── RECORDS SUPPLIED ──

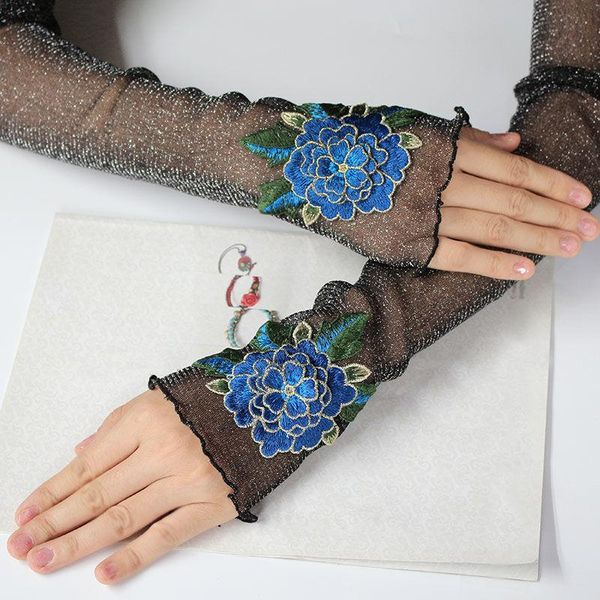 

five fingers gloves long fingerless arm cover embroidered cotton wrist sleeves sleeve summer womens, Blue;gray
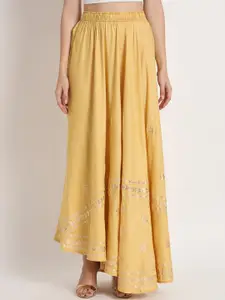 Moda Rapido Women Embroidered Flared Maxi Skirt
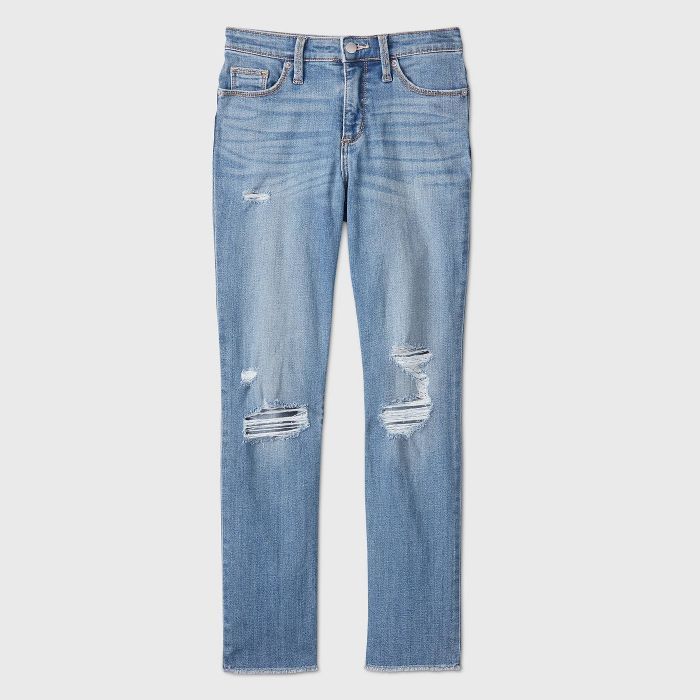 Women&#39;s High-Rise Distressed Straight Cropped Jeans - Universal Thread&#8482; Light Blue 2 | Target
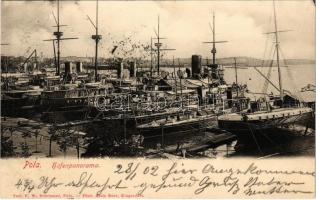 1902 Pola, Kriegshafen. K.u.K. Kriegsmarine. Verlag F. W. Schrinner. Phot. Alois Beer / Austro-Hungarian Navy, naval base in Pula, SMS Pelikan minelayer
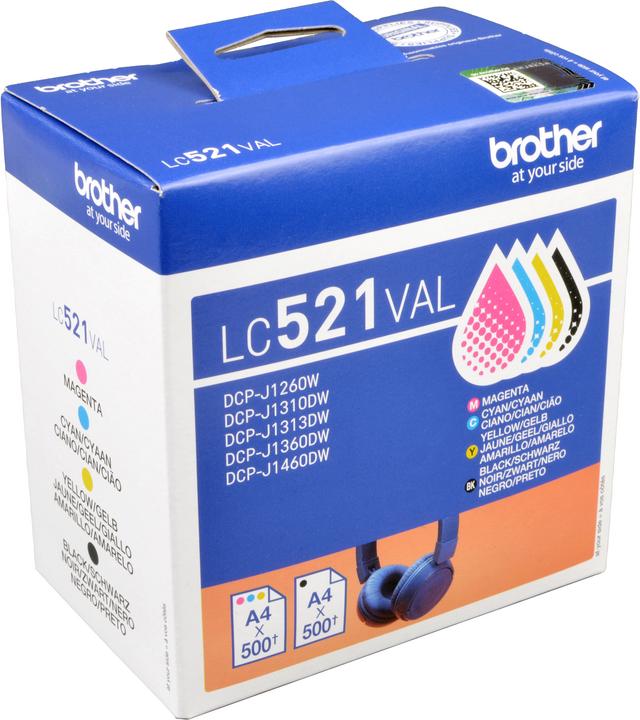 Actual product image Brother LC521VAL (M, C, Y, FC)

───

• **TASK REQUIREMENTS**
Please return, exactly and with pictures omitted, the lines from the line holding "Women&#39;s High-Rise Distressed" through the end of the data above, inclusive.

• **WRITTEN RESPONSE**
 Women&#39;s High-Rise Distressed Straight Cropped Jeans - Universal Thread&#8482; Light Blue 2 | Target
 1902 Pola, Kriegshafen. K.u.K. Kriegsmarine. Verlag F. W. Schrinner. Phot. Alois Beer / Austro-Hungarian Navy, naval base in Pula, SMS Pelikan minelayer
 Actual product image Brother LC521VAL (M, C, Y, FC)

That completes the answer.